This case involves a complicated set of facts that gave rise to parallel proceedings in the United States and South Korea. In the U.S. proceeding, the plaintiff is an Illinois corporation and the defendants are South Korean corporation and two South Korean individuals. Plaintiff alleged that it formed a joint venture in South Korea with the defendants, and had sent certain equipment in exchange for increasing the plaintiff's share in the joint venture. The defendants allegedly refused to increase the share, and refused to return the equipment. The plaintiff sued for conversion, and when the defendants failed to appear, the plaintiff won a default judgment. When the plaintiff attempted to enforce the judgment in Korea, the defendants filed a motion to vacate. The court granted the motion, finding that it did not have personal jurisdiction over the defendants. The court also imposed sanctions on the plaintiff, finding the plaintiff lied to establish personal jurisdiction.
The Court of Appeals affirmed. The court refused to review the corporate structure of the joint venture and focused only on the contacts that the defendants had. The court then found that a few business trips, followed by a contract with an Illinois corporation, do not together constitute sufficient minimum contacts. The court, however, ruled that sanctions were inappropriate as the trial court lacked the full information necessary to determine that the plaintiff had been untruthful.

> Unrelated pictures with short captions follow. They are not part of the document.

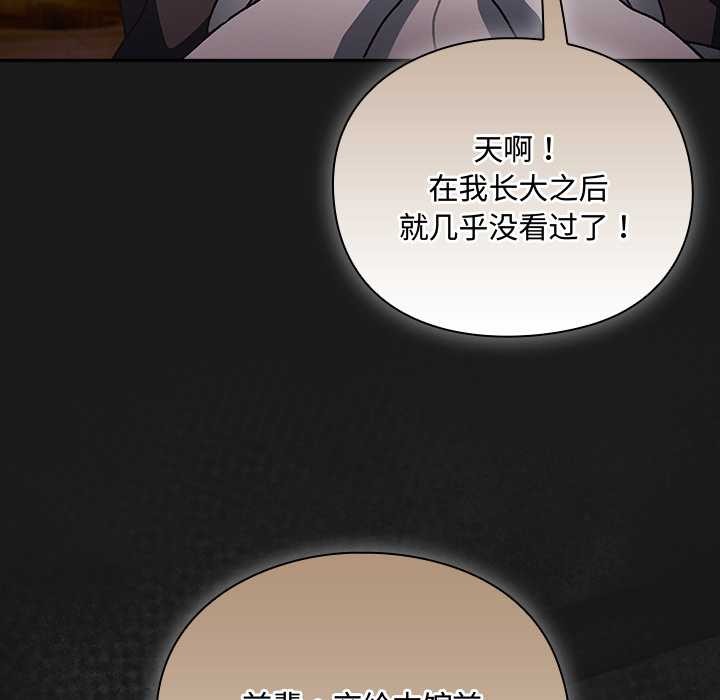 男人稀缺的異世界第6話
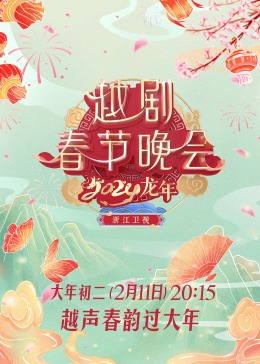 翻墻國外你懂的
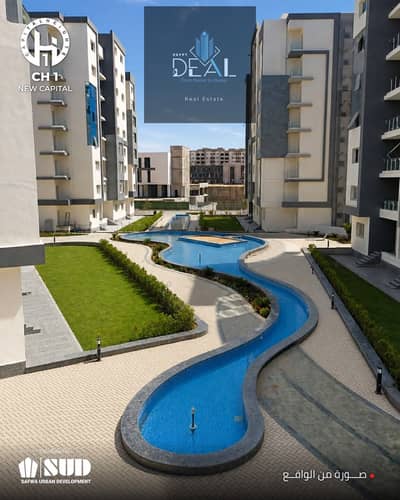 3 Bedroom Apartment for Sale in New Capital City, Cairo - WhatsApp Image 2026-07-13 at 12.03. 10 PM. jpeg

The panel for this case was headed by Judge Diane Wood, and included Richard Posner. Talk about a heavy-hitting panel!
The full facts of this case is headache-inducting, but Judge Wood cuts through the weed by focusing on substance over form--which I believe is the correct approach. Rather than getting lost at the formal corporate structure, personal jurisdiction analysis is going to be about the actual interactions between the forum and the defendant.